Defective rate. (4.14, p. 148) A machine that produces a special type of transistor (a component of computers) has a 2% defective rate. The production is considered a random process where each transistor is independent of the others.

  1. What is the probability that the 10th transistor produced is the first with a defect?
  2. What is the probability that the machine produces no defective transistors in a batch of 100?
  3. On average, how many transistors would you expect to be produced before the first with a defect? What is the standard deviation?
  4. Another machine that also produces transistors has a 5% defective rate where each transistor is produced independent of the others. On average how many transistors would you expect to be produced with this machine before the first with a defect? What is the standard deviation?
  5. Based on your answers to parts (c) and (d), how does increasing the probability of an event affect the mean and standard deviation of the wait time until success?

Answers

  1. P = 0.02, n = 10. (1 - 0.02) ^ (10 - 1) * 0.02 = 0.01667496 = 1.67%
  2. P = 0.02, n= 100. (1 - 0.02) ^ 100 = 0.1326196 = 13.26%

  3. 1/P = 1 / 0.02 = 50 transistors expected.
    sqrt((1 - 0.02) / 0.02 ^ 2) = 49.49747 standard deviation.

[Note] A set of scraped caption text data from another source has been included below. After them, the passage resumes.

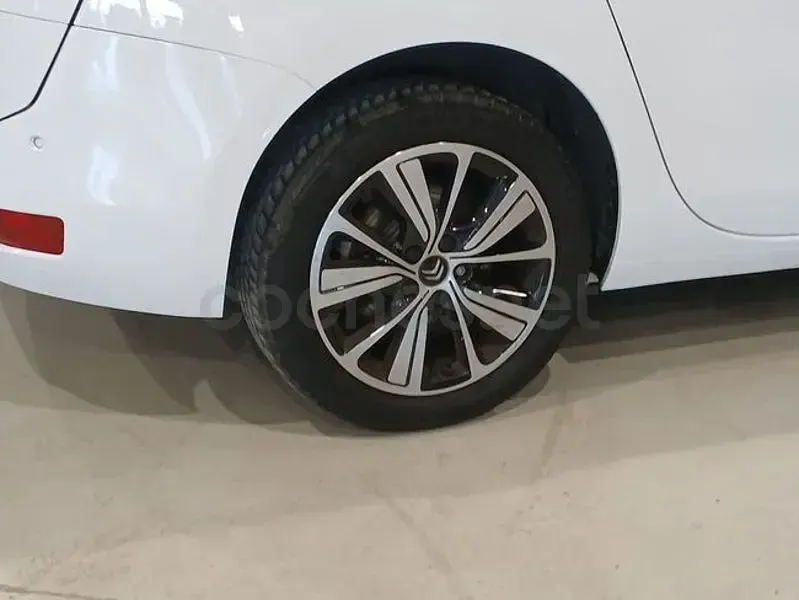 Usado Citroën C4 Picasso PureTech 130 CV (95 kW) 2018 Blanco Monovolumen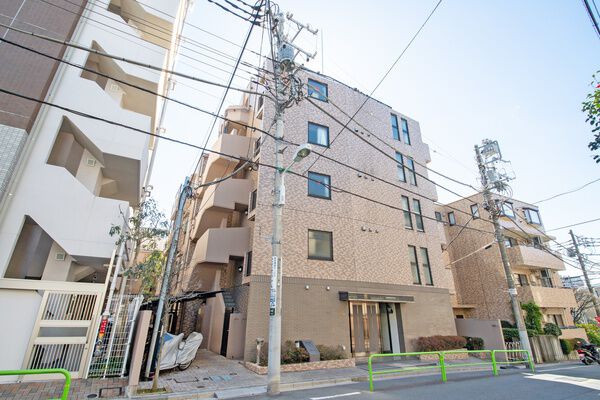 上野池之端サニーコート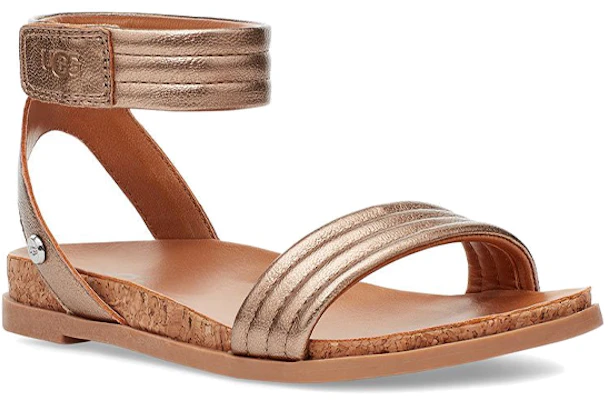 (Youth) UGG Ethena 'Rose Gold' 1110935K-RGL Lookbook (Youth) UGG Ethena 'Rose Gold' 1110935K-RGL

  4. 1/P = 1 / 0.05 = 20 transistors expected
    sqrt((1 - 0.05) / 0.05 ^ 2) = 19.49359 standard deviation.

  5. The mean and std dev of the wait time until success decrease as the probability of an event increases.

Male children. While it is often assumed that the probabilities of having a boy or a girl are the same, the actual probability of having a boy is slightly higher at 0.51. Suppose a couple plans to have 3 kids.

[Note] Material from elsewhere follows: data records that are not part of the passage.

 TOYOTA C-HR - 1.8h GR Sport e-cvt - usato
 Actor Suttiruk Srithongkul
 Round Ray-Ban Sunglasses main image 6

  1. Use the binomial model to calculate the probability that two of them will be boys.
  2. Write out all possible orderings of 3 children, 2 of whom are boys. Use these scenarios to calculate the same probability from part (a) but using the addition rule for disjoint outcomes. Confirm that your answers from parts (a) and (b) match.
  3. If we wanted to calculate the probability that a couple who plans to have 8 kids will have 3 boys, briefly describe why the approach from part (b) would be more tedious than the approach from part (a).

Answers

  1. Binomial model formula: n!/(k!(n-k)!) P^k * (1-P)^(n-k)
P <- 0.51
n <- 3
k <- 2

n_fac <- factorial(n)
k_fac <- factorial(k)
n_k_fac <- factorial(n-k)

P <- (n_fac / (k_fac * n_k_fac)) * P^(k) * (1 - P)^(n-k)
P
## [1] 0.382347

38.23% chance of two boys.

  1. |Boy, Boy, Girl | Boy, Girl, Boy | Girl, Boy, Boy |
addition_rule <- P * P * (1-P) + P * (1-P) * P + (1-P) * P * P
addition_rule
## [1] 0.2708826

Answers from a and b match

  1. Part A allows us to plug these new values into the same variables of a single formula. Writing out all the possible combinations of having 3 boys among 8 children would mean writing out 56 combinations.

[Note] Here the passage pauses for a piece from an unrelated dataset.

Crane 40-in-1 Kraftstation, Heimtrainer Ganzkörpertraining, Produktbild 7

Serving in volleyball. (4.30, p. 162) A not-so-skilled volleyball player has a 15% chance of making the serve, which involves hitting the ball so it passes over the net on a trajectory such that it will land in the opposing team’s court. Suppose that her serves are independent of each other.

  1. What is the probability that on the 10th try she will make her 3rd successful serve?
  2. Suppose she has made two successful serves in nine attempts. What is the probability that her 10th serve will be successful?
  3. Even though parts (a) and (b) discuss the same scenario, the probabilities you calculated should be different. Can you explain the reason for this discrepancy?

Answers

choose(9,2)*0.15^3*0.85^7
## [1] 0.03895012

3.895%
b.
Each serve has a 15% chance of success regardless of previous attempts.
c.
The answer to problem a is dependent on two successful serves already being made, and is therefore not an independent variable. In problem b the 10th serve is independently considered.